◆ **TASK OBJECTIVE**
The pictures in the data below are to be omitted; all else must be duplicated exactly.

◆ **STORED DATA**
- Opening Delimiter -

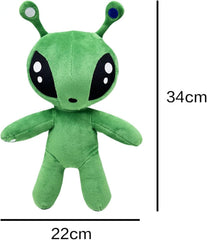 PHYDZFC 13-inch green alien plush side view, ideal for decorative bedside display and playful decor.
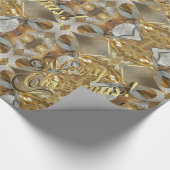 Vrolijk kerstfeest Elegant Faux Gold Silver Script Cadeaupapier (Hoek)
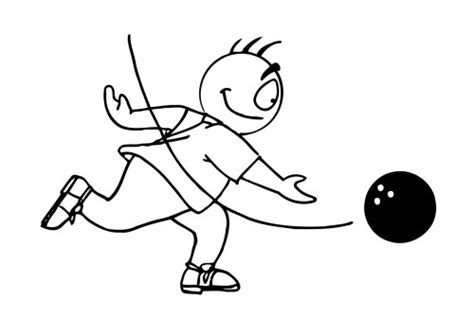 Coloriage Ballon Bowling et Joueur dessin gratuit à imprimer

- Closing Delimiter -

◆ **ANSWER SECTION**
 PHYDZFC 13-inch green alien plush side view, ideal for decorative bedside display and playful decor.
 Vrolijk kerstfeest Elegant Faux Gold Silver Script Cadeaupapier (Hoek)
 Coloriage Ballon Bowling et Joueur dessin gratuit à imprimer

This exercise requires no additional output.